#### Material provided:
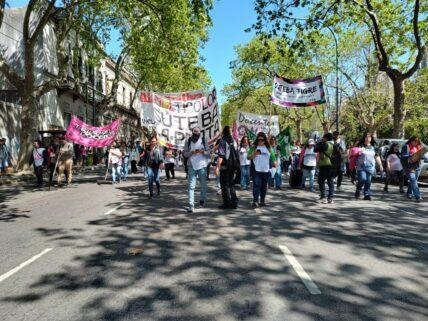 docentes bonaerenses.jpg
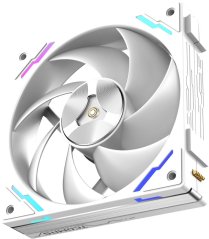Tcomas FC700 PRO Biały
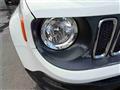 2017 Jeep Jeep Others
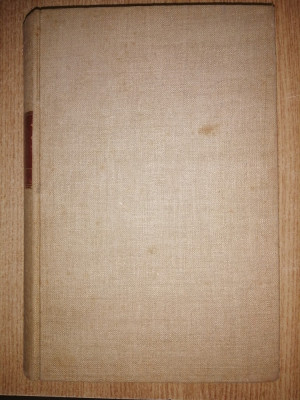 Satirele si fabulele lui I. Heliade-Radulescu (1883) + 5 carti (vezi descrierea) foto
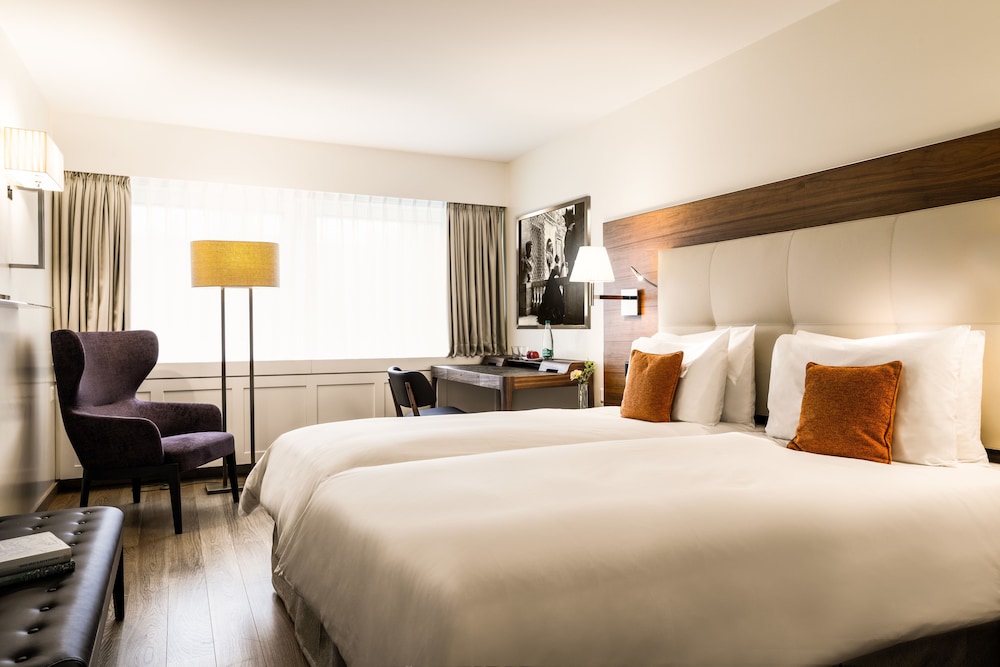 SUPERIOR, TWIN BEDS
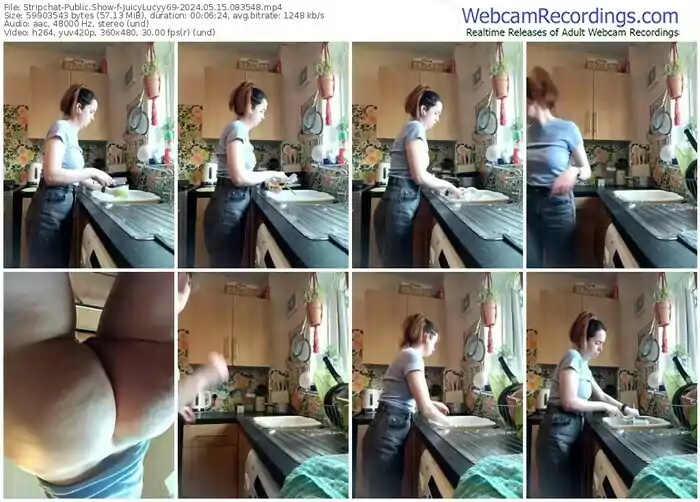 stripchat-juicylucyy69-05-15-2024-08-35-48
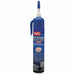 RTV Silicone Sealant 6.5 oz Blue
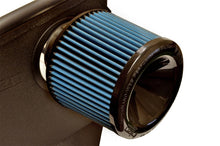 Load image into Gallery viewer, Injen 14-18 Mazda 3 2.5L 4 Cyl Black Short Ram Tuned Intake System w/ MR Technology Injen INJSP6066BLK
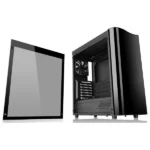 Thermaltake View 22 Tempered Glass Edition Case - Image 7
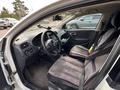 Volkswagen Polo 2015 года за 3 900 000 тг. в Астана – фото 7
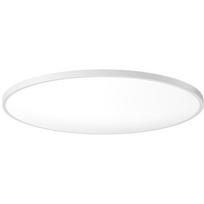 Yeelight išmanusis lubų šviestuvas YLXDD-0243, 48W, 2700K-6500K, 4200lm, Wi-Fi, Bluetooth 4.2, Google Home, SmartThings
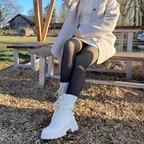 Download feetgabriela OnlyFans videos and photos for free 

 profile picture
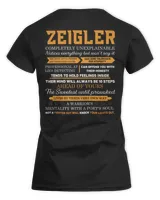 Women's Standard T-Shirt Women's Standard T-Shirt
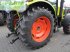 Traktor typu CLAAS ares 617 atz, Gebrauchtmaschine w DAMAS?AWEK (Zdjęcie 18)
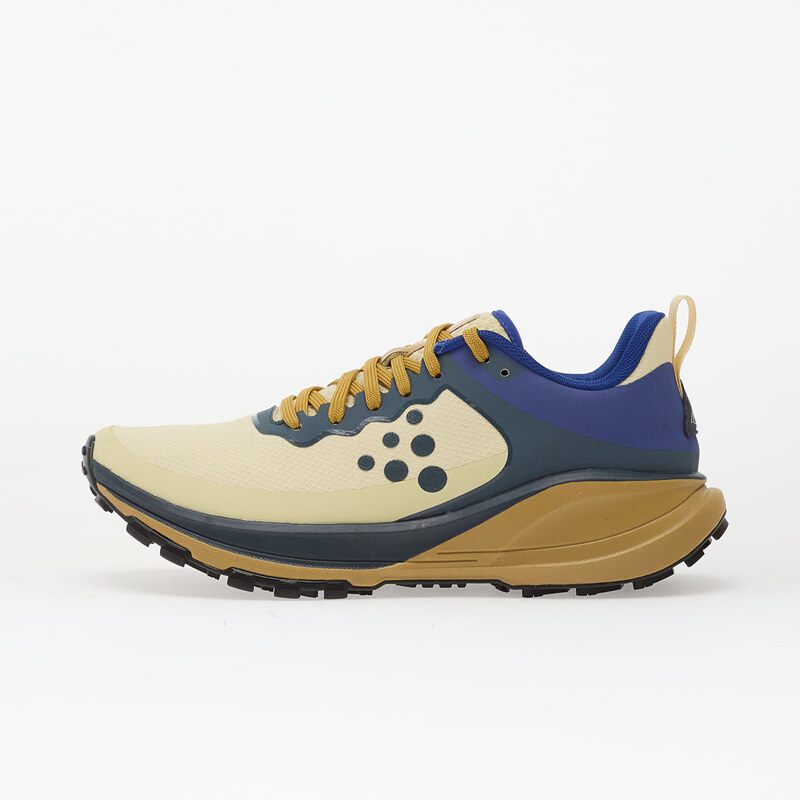 Craft Pure Trail X W Real/ Club Cobalt 65473152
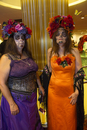 DragonCon 2015 - Saturday 519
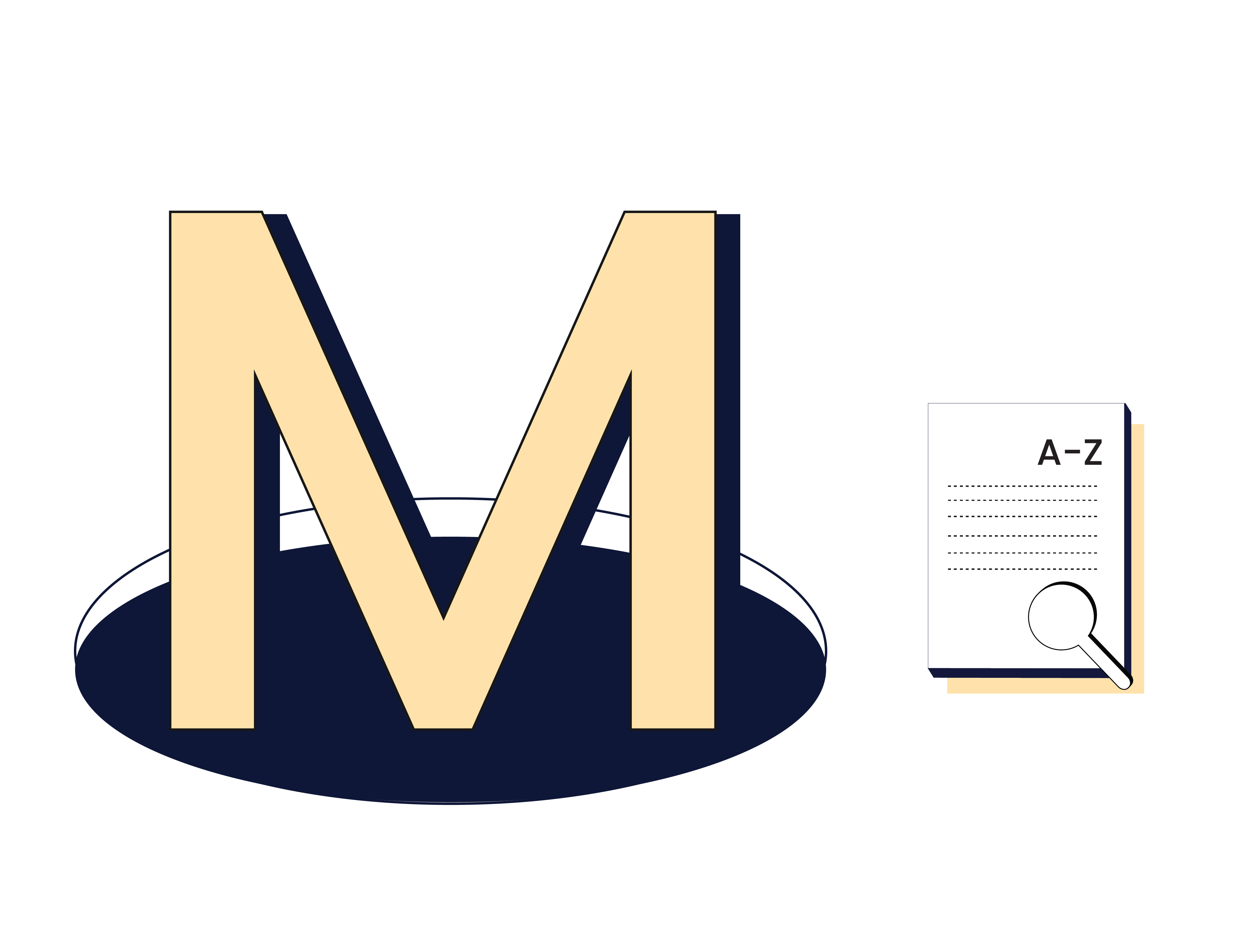 Mortality Tables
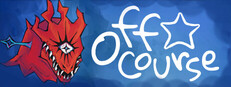 Off Course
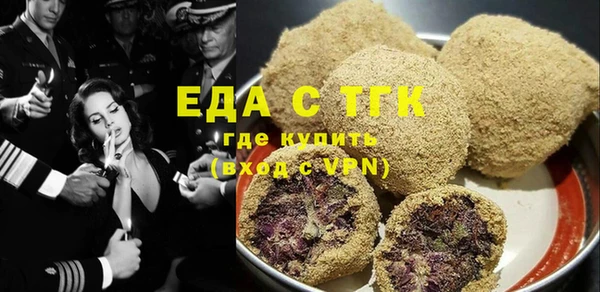 шишки Верхний Тагил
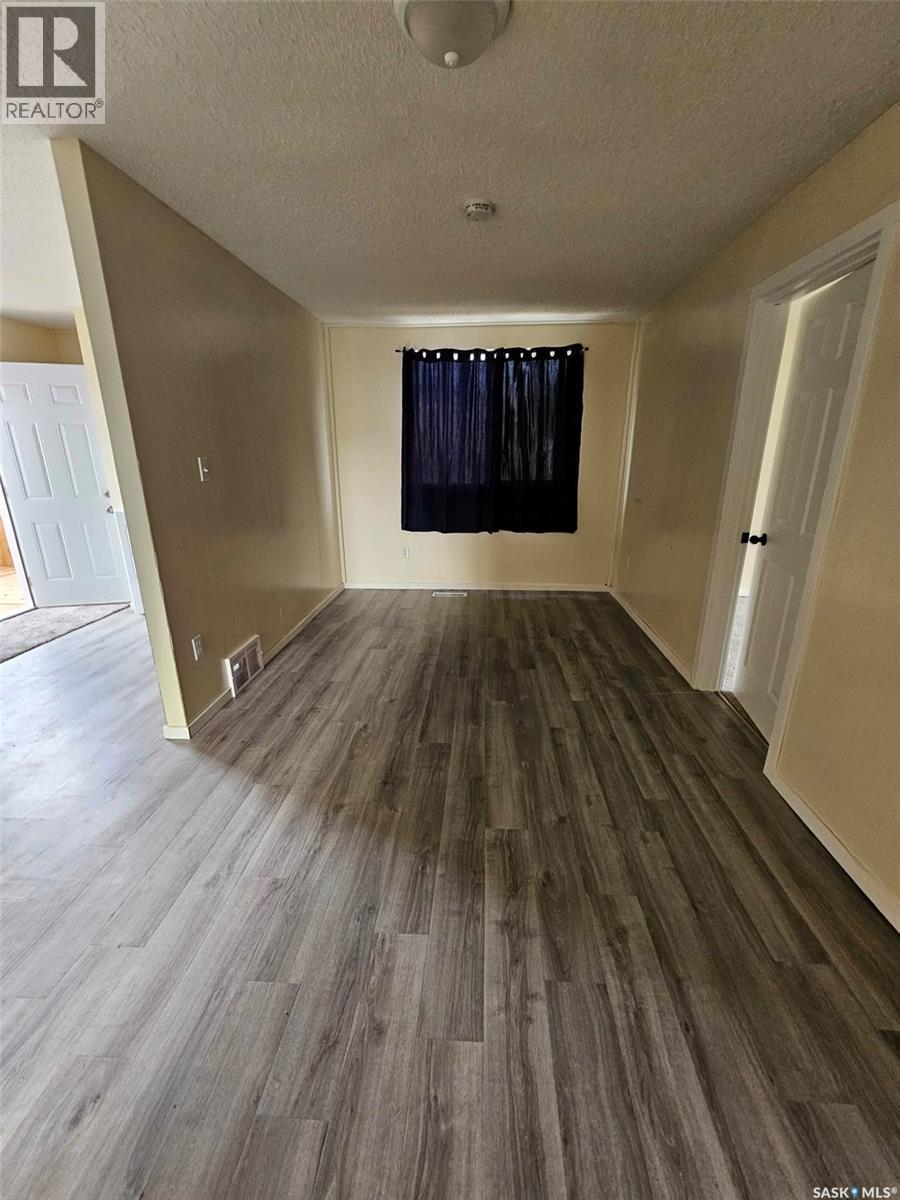 1292 106th Street Property Photo 9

#### Work required:
Transcribe exactly the span of lines from the line holding "RTV Silicone Sealant 6.5 oz Blue" through the last line above, both included. Pictures stay out.

#### Answer below:
 RTV Silicone Sealant 6.5 oz Blue
 Load image into Gallery viewer, Injen 14-18 Mazda 3 2.5L 4 Cyl Black Short Ram Tuned Intake System w/ MR Technology Injen INJSP6066BLK
 Thermaltake View 22 Tempered Glass Edition Case - Image 7
 Volkswagen Polo 2015 года за 3 900 000 тг. в Астана – фото 7
 Yeelight išmanusis lubų šviestuvas YLXDD-0243, 48W, 2700K-6500K, 4200lm, Wi-Fi, Bluetooth 4.2, Google Home, SmartThings
 Download feetgabriela OnlyFans videos and photos for free 

 profile picture
 Women's Standard T-Shirt Women's Standard T-Shirt
 Traktor typu CLAAS ares 617 atz, Gebrauchtmaschine w DAMAS?AWEK (Zdjęcie 18)
 Craft Pure Trail X W Real/ Club Cobalt 65473152
 DragonCon 2015 - Saturday 519
 Mortality Tables
 Off Course
 шишки Верхний Тагил
 1292 106th Street Property Photo 9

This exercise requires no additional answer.